Last July, the Lido Beach resident published "Everything You Wanted to Know About Social Media but Were Afraid to Ask," a book geared toward educating small business owners on how to harness the power of websites like Twitter, Facebook and Tumblr to grow their companies.
The book took Topper three years to write and she used iUniverse, a self-publishing company that edited, printed and placed the book on sites like Amazon.com, where it climbed to number 20 on the chart for social media books.
"As a result of that, I got a lot of writing gigs," said Topper, who wrote for Business Week and PR News. She is also a regular blogger for blogcritics.org, where she writes about her new love of running.
The book features information on 20 social media sites, from Facebook to You Tube to Seesmic, a brief explanation on how each is used, followed by Topper's recommendations. She also included personal stories of business owners who used social media to enhance sales. She quotes Blentec owner George Wright as saying his blender company's sales increased 700 percent after posting videos on You Tube.
The book's success has also led to speaking engagements. Topper has been a guest speaker at national marketing conventions and social media club meetings.
"People really respect my opinions about things," said Topper, who founded the Social Media Club of Long Island. "It's elevated me professionally and elevated my firm."
Topper founded HJMT Communications, a multifaceted public relations firm, in her one-bedroom apartment in Long Beach almost 20 years ago. In the past, a social media campaign would be part of a larger-scale publications plan, she said, but now companies are coming to her to enhance their brand specifically by using social media. Many of these new clients are smaller companies, including movers, real estate offices and small retail shop owners.
"These are types of companies that we never really worked with before and now we're representing them," she said.
On Amazon, "Everything You Wanted to Know About Social Media but Were Afraid to Ask" has received 12 positive reader reviews, with the most recent posted six months ago by a user named Allison*s Art.
"It is a fast easy read and can also be used to refer back to as needed," said the writer, who also mentioned that she bought three copies to give to colleagues.
Another Amazon user, A. Kaganovsky, wrote that the book was "very well researched, highly relevant, not fluff and written so that both non-technical and Internet savvy readers will extract the same value."
Long Island-based executive blogger Jim Estill reviewed the book soon after its publication.

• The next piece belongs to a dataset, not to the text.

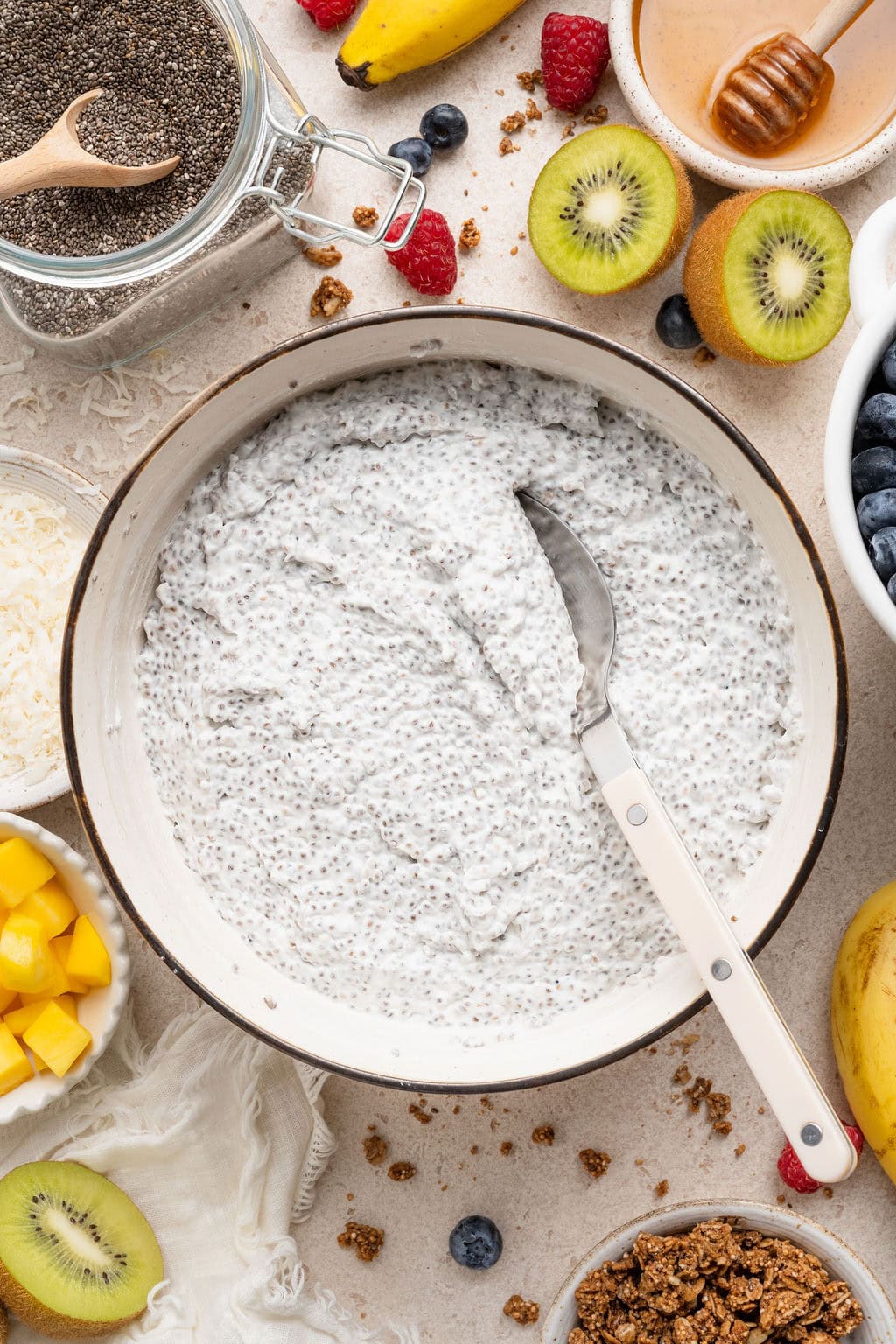 Overhead view of a large white bowl filled with chia pudding and fresh fruit surrounding the outside of the bowl. 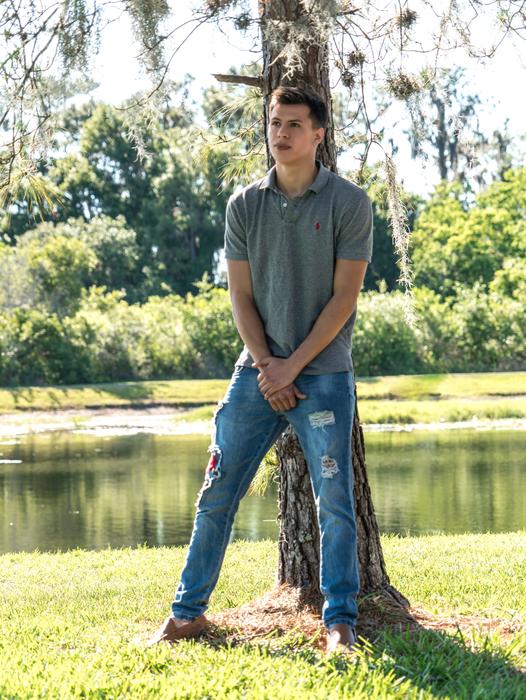 handsome Young Man leaning on tree at summer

"I found the book to be very entry level to begin with," he wrote on is blog last July. "But as I got into it more, I did find I was learning, and any book that helps me to learn gets high marks from me."
But Estill questioned the value of the return for the time spent on social media in order to get results similar to Topper's successful examples like Wright.
Now Topper plans to write another book about social media, but admits that she doesn't have the details worked out yet. When she does publish the book, she plans on finding a large-scale publisher to print the book to help her work gain a foothold in major bookstores.
"It just made me think that I could really accomplish anything that I set my mind to," she said.